Reviewed by Gian Claudio Batic, University of Naples ‘L’Orientale’
This collection of folk tales is the natural complement to two preceding works published by the same author in 2004 and 2007: Kabba: A Nilo-Saharan language of the Central African Republic and (with Jean-Pierre Dingatoloum) Kabba-English-French dictionary, respectively, both published by LINCOM Europa.
This book is divided into five parts. The first four sections are devoted to the thirty-four Kabba tales collected by the author. In the first section, the stories are presented in the original language; the three following sections display French, English, and German translations, respectively. The final part of the book is comprised of a collection of eighty-one Kabba proverbs along with translations (in French, English, and German) and an explanatory/interpretative note.

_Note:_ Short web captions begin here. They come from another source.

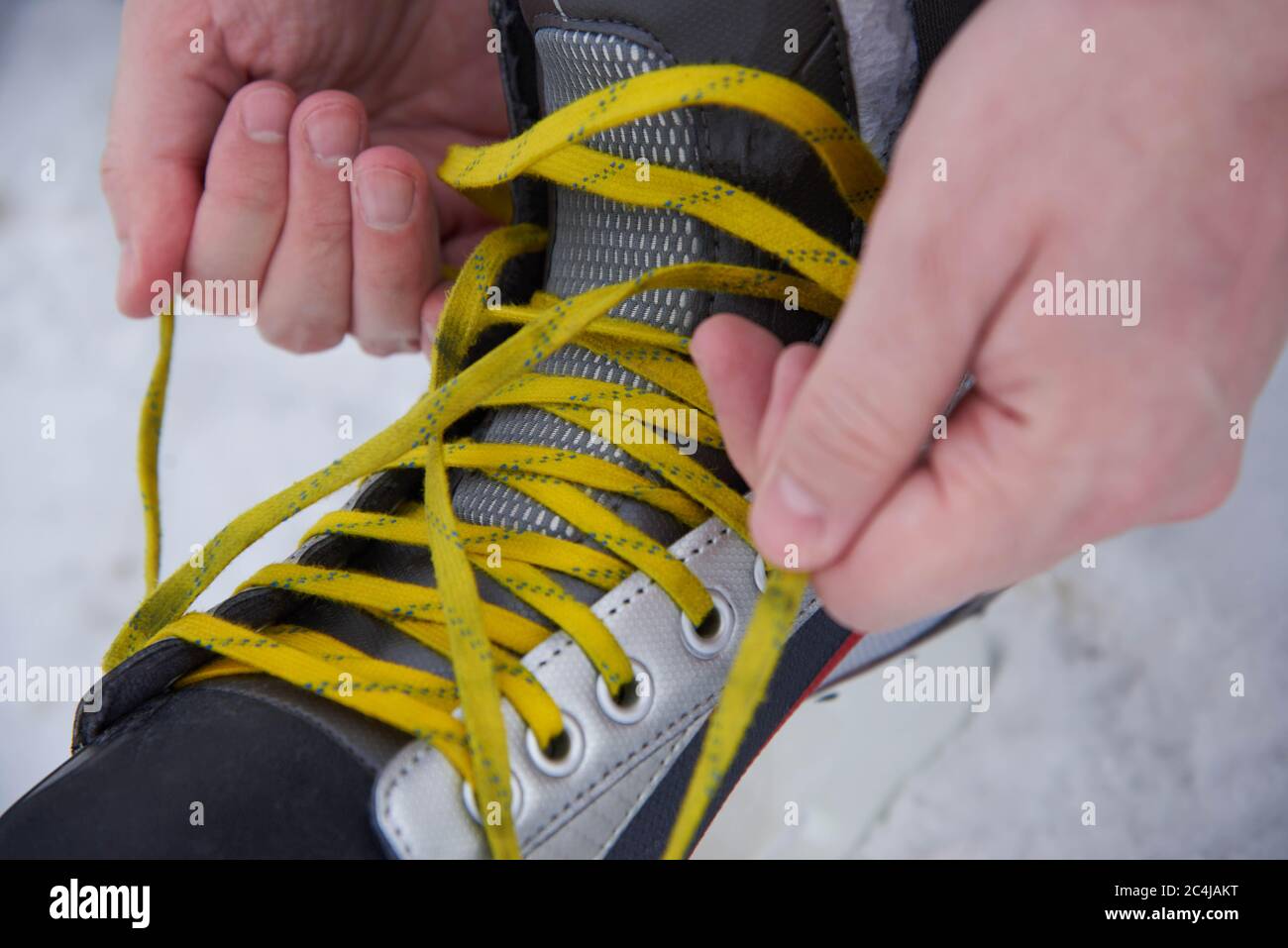 Un homme qui enferme des patins dans la neige en hiver, gros plan Banque D'Images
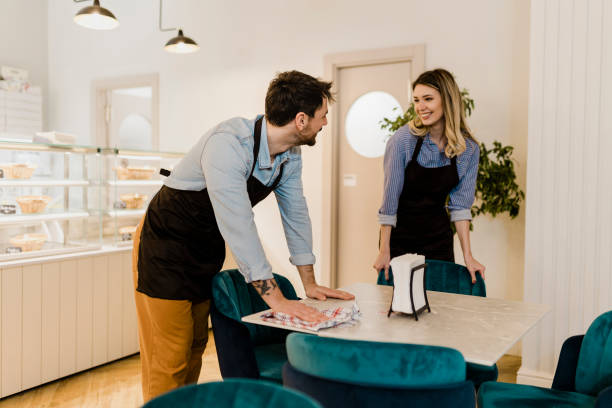 istock The waiters adjusting the chairs and preparing the bar 2028340195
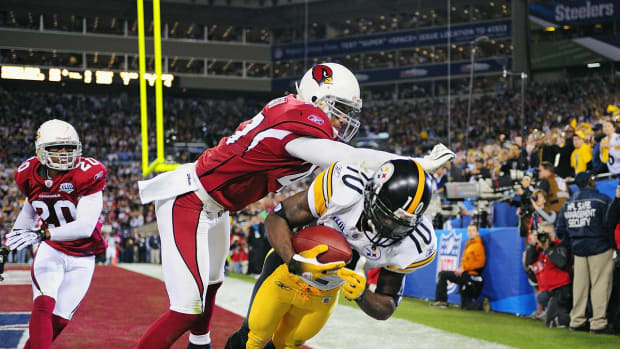 2009-0201-Super-Bowl-XLIII-Santonio-Holmes-Aaron-Francisco-opgm-51894.jpg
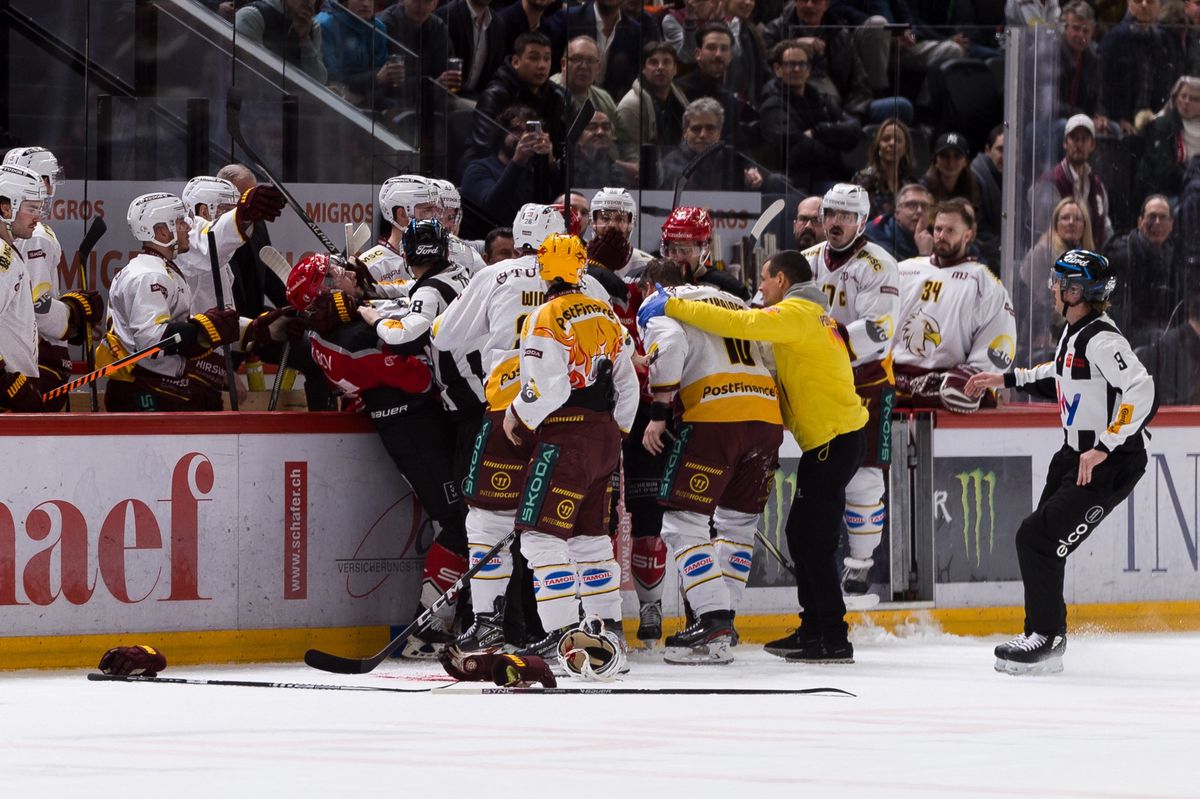 Teemu Hartikainen (GSHC) se fait soutenir par le physio, une flaque de sang sur la glace, pendant le match entre le Lausanne Hokey Club et le Geneve-Servette Hockey Club comptant pour le championat de National League, le mardi 27 fevrier 2024 a la Vaudoise Arena, a Lausanne (Bastien Gallay / GallayPhoto)
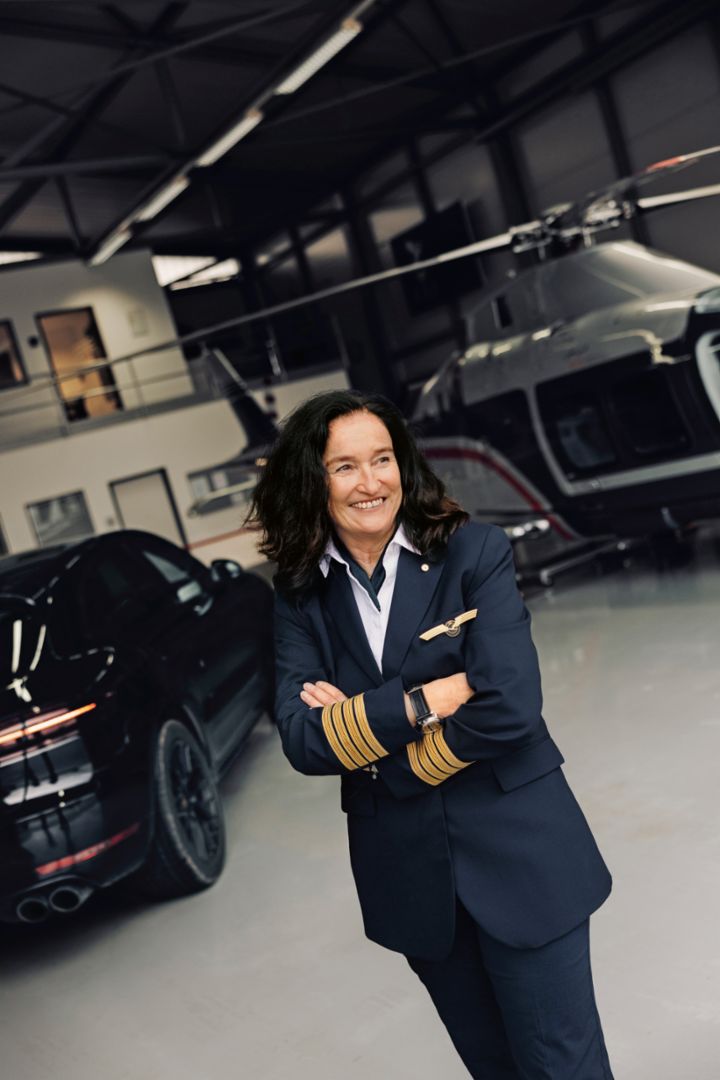A female pilot smiles while standing with arms crossed inside a hangar with a helicopter and car in the background.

Each tale is introduced by an illustration representing the main characters involved in the story. The name of the storyteller, as well as that of the translator (if any), is given below the title. The transcription of the Kabba version follows the orthography established by the author, with accent marks employed to mark low and high tones.
Rich in formulaic language, which works to establish a special connection between the storyteller and the listener, the thirty-four tales offer an important point of view upon the world, exemplifying human relationships from a culture-oriented perspective. Through metaphorical and symbolic conceptualization, these tales ‘imply acceptable norms of behaviour, cultural values, belief systems and acceptable relationships between people’ (vii).
The folk tales use animals to convey moral, educational, or social messages.. The employment of characters taken from the animal world is a crosslinguistic and well-known feature in African cultures and oral traditions. Common themes in the tales are easy to find, for example the struggle between strong (but naïve) and small (but clever) animals. Hausa oral literature, represented mostly by the tatsuniyoyi, is rich in animal characters depicting human weakness and strength: the tricky spider and the clever cockroach are constantly kept busy by their will to cheat and exploit stronger but ingenuous creatures, similar to the rat in the Kabba tale ‘The lion and the rat’ (19). These stories often involve a certain degree of magic and cruelty, with the explicit aim to warn against antisocial behaviors. It is the case of ‘A mother and her son’, a tale that targets the practice and notion of incest.
This book shows once more the author’s commitment in describing and documenting a minority language. The texts compiled here strengthen M’s previous grammatical and lexical descriptions by offering the scientific community a rich bulk of data.